Oleh: Rendra Fahrurrozie
(FIQH MUNAKAHAT)
(FIQH MUNAKAHAT)
STIT Sirojul Falah BOGOR
A. Latar Belakang
Sungguh Allah SWT adalah Zat Yang Maha Adil. Dengan
aturanNya (syariah Islam), Dia mampu menyelesaikan seluruh masalah manusia.
Khususnya dikarenakan timbulnya naluri melestarikan jenis (gharizah an nau’)
yang menjadikan manusia menikah dan berketurunan, maupun adanya kecacatan,
aib dan rusaknya dari pernikahan tersebut sehingga harus dipisahkan (talaq) dari
pasangan suami istri tersebut. Karna itulah Islam mengatur manusia dalam
interaksinya terhadap lawan jenis dengan sebaik-baiknya agar tidak terjadi
kezaliman diantara keduanya, jika terlihat ada bahaya (dhoror) didalam
perkawinan tersebut meski sudah diikat dengan pernikahan dan memiliki
keturunan, Islam akan hadir dengan solusi perceraian yang tentunya ditempuh
melalui tahapan dan mekanisme sebelum terjadinya perceraian.

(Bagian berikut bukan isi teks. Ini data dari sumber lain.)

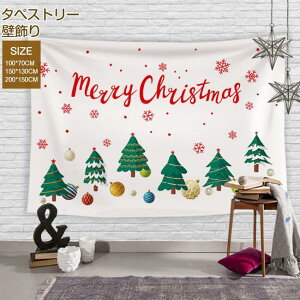 ^yXg[ 唻 Merry Christmas NX}Xc[ NX}X p[eB[ObY  傫 H~ HV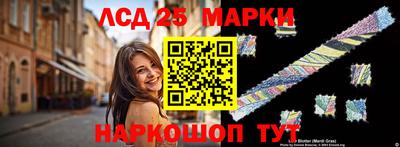 гашик Лесосибирск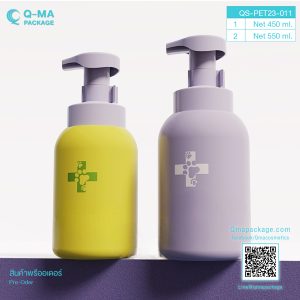 ขวด PET, ขวดน้ำหอม, ขวดน้ำหอมเปล่า, ขวดปั้ม500mlขายส่ง, ขวดปั๊มขายส่ง, ขวดปั๊มพลาสติกขายส่ง, ขวดพลาสติกหัวปั๊มขายส่ง, ขวดสเปรย์, ขวดสเปรย์250mlขายส่ง, ขวดสเปรย์30mlขายส่ง, ขวดสเปรย์50mlขายส่ง, ขวดสเปรย์ขายส่ง, ขวดสเปรย์พลาสติกขายส่ง, ขวดสเปรย์เปล่า, ขวดสเปรย์เปล่าขายส่ง, ขวดใส่น้ำหอม, ขายขวดสเปรย์, ขายขวดสเปรย์พลาสติก, ขายขวดสเปรย์เปล่า, ขายส่งขวดปั๊ม, ขายส่งขวดสเปรย์, จำหน่ายขวดปั๊ม, จำหน่ายขวดสเปรย์, บรรจุภัณฑ์ขวดน้ำหอม, บรรจุภัณฑ์ขวดสเปรย์, รับผลิตขวดปั๊ม, รับผลิตขวดสเปรย์, ร้านขายขวดปั๊ม, ร้านขายขวดสเปรย์, ร้านขายขวดสเปรย์เปล่า, แหล่งขายขวดสเปรย์, โรงงานผลิตขวดปั๊ม, โรงงานผลิตขวดสเปรย์, โรงงานผลิตขวดสเปรย์100ml, โรงงานผลิตขวดสเปรย์พลาสติก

Dalam kajian perceraian (talaq) ini, banyak
sebab yang melandasi sepasang suami istri tersebut berpisah. Salah satunya
adalah perihal fasakh dan zhihar yang menjadikan pernikahan yang
harusnya berketurunan dan melahirkan generasi menjadi bermasalah yang pada
akhirnya bercerai (talaq). Fasakh dan Zhihar dalam Islam diatur
dalam masalah-masalah yang timbul oleh salah satu pihak yang menginginkan
pernikahan tersebut berpisah dengan berbagai macam alasan yang dibenarkan oleh syara’.
Akan tetapi dibalik itu semua, fasakh
mungkin menjadi solusi bagi manusia dan zhihar menjadi batasan untuk berhati-hati dalam
berucap dalam pergaulan sehari-hari serta menahan diri dari nafsu amarah pada
diri manusia. Karnanya, ini hal yang sangat menarik untuk dikaji lebih mendalam
agar kita memahami batasan-batasan syariah dalam berumah tangga maupun akan
melangsungkan pernikahan. Sehingga tujuan dari pernikahan dan shilah ukuwah
antara umat Islam terus terjalin baik, inilah pentingnya kita bermasyarakat dan
beragama yakni bersatu dan tolong menolong dalam kebaikan sesama muslim.
A.
PENGERTIAN FASAKH DAN ZHIHAR
Secara etimologi (bahasa), fasakh artinya
putus atau batal yang berasal dari bahasa arab فسخ - يفسح - فسخا yang
berarti batal atau rusak.[1] Atau juga fasakh
berarti mencabut atau menghapuskan.[2] Fasakh dalam arti terminologi (Istilah), menurut Sayyid Sabiq:
فساخ العقد: نقضه، و حال الرابطة التي تربط بين الزوجين
Memfasakh adalah
membatalkannya dan melepaskan ikatan pertalian antara kami suami isteri.[3]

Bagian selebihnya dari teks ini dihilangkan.